Personal information
- Born: 27 May 1961 (age 64) Carcassonne, Aude Occitania, France

Playing information
- Position: Second-row
Club
| Years | Team | Pld | T | G | FG | P |
| 1979–80 | Saint Jacques | ? | ? | ? | ? | ? |
| 1980–81 | Limoux | ? | ? | ? | ? | ? |
| 1981–84 | Carcassonne | ? | ? | ? | ? | ? |
| 1984–89 | Le Pontet | ? | ? | ? | ? | ? |
| 1989–92 | Carcassonne | ? | ? | ? | ? | ? |
|  | Total |  |  |  |  |  |
Representative
| Years | Team | Pld | T | G | FG | P |
| 1984–87 | France | ? | ? | ? | ? | ? |

= Marc Palanques =

Former France international rugby league footballer

Marc Palanques (born 27 May 1961) is a French former professional rugby league footballer and a former CEO of the French Rugby League Championship team AS Carcassonne, he is the current president of the French Rugby League Federation since July 2016. He was captain of France national rugby league team in 1987.

Marc Palanques started his career at Saint Jacques in 1979, before moving to Limoux then Carcassonne. With the latter, he won his first title: the 1983 French Cup. In 1984, he changed for Le Pontet and won the French Championship twice, in 1986 and 1988. Finally, he went back to Carcassonne and won two more titles: Championship in 1992 and Cup in 1990.

He made his debut for the France national rugby league team in 1984 and became the team's captain in 1987.

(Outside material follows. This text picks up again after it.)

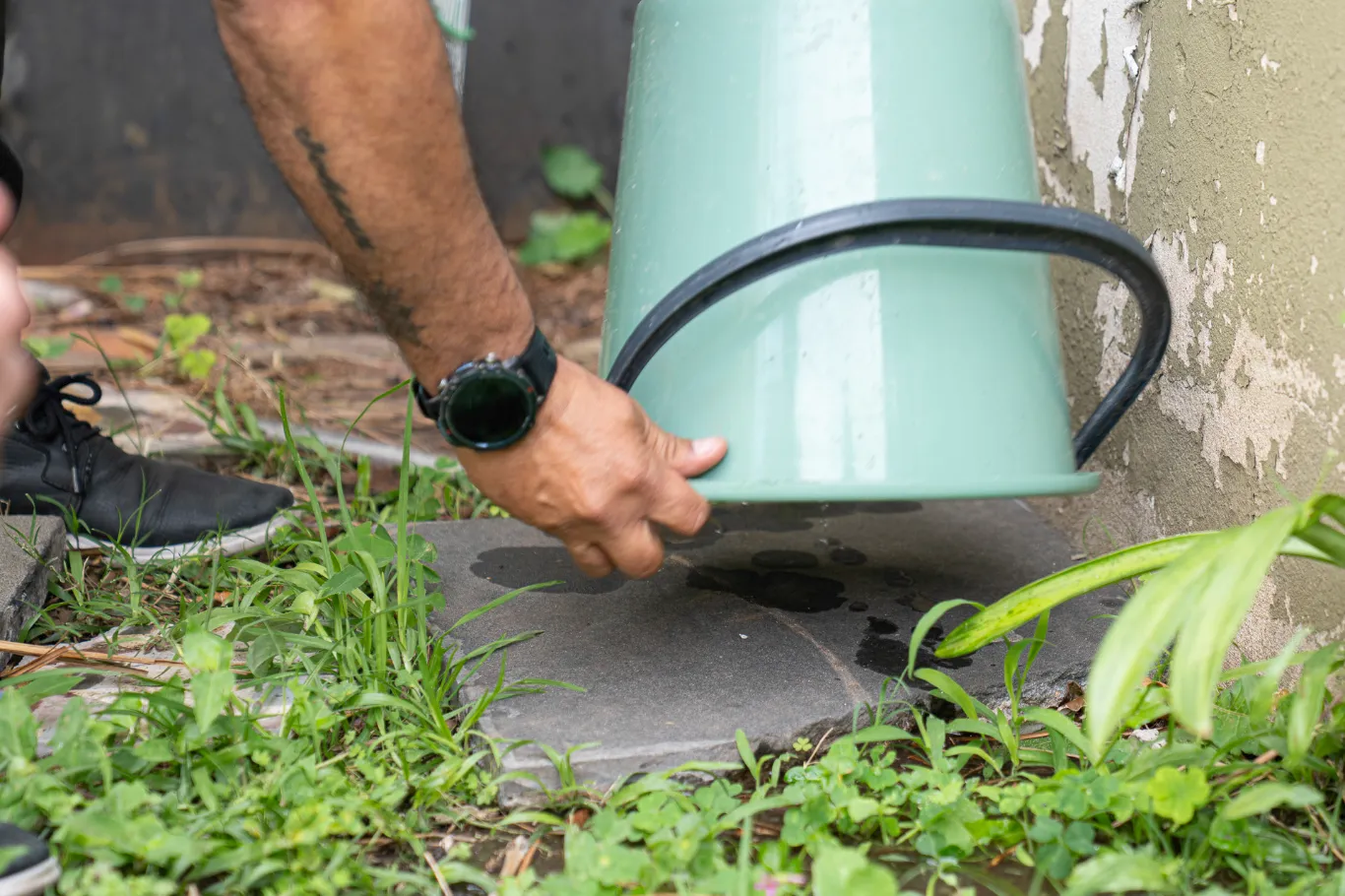 Salud recuerda la importancia de sostener el descacharrizado para prevenir el dengue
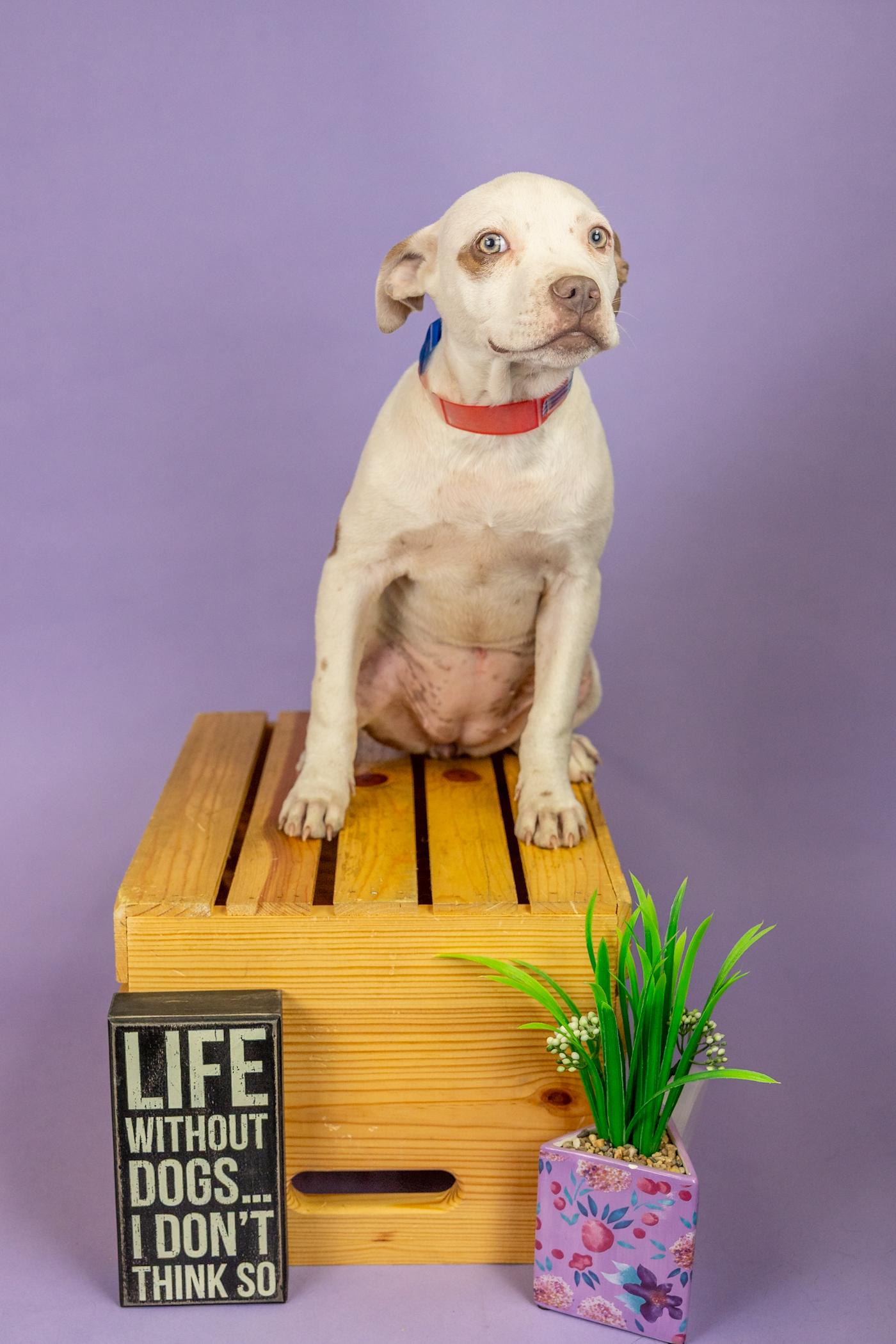 178-26, ADOPTABLE, Young Female Pit Bull Terrier.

After his career in sport, he created Kingsport, a company which integrated Intersport in 2003, staying on the board of directors. He came back to rugby league in 2015 and became the co-CEO of AS Carcassonne. In April 2016, he announced his decision to stand for the presidency of the French Rugby League Federation.

==Honours==

===Club===

- French Championship:
  - 3 times winner in 1986, 1988 with Le Pontet and in 1992 with Carcassonne.
  - 4 times runner-up in 1985, 1987 and 1989 with Le Pontet and in 1990 with Carcassonne.
- French Cup:
  - 4 times winner in 1983 and 1990 with Carcassonne and 1986, 1988 with Le Pontet.
  - 3 times runner-up in 1982 with Carcassonne, and in 1985 and 1989 with Le Pontet.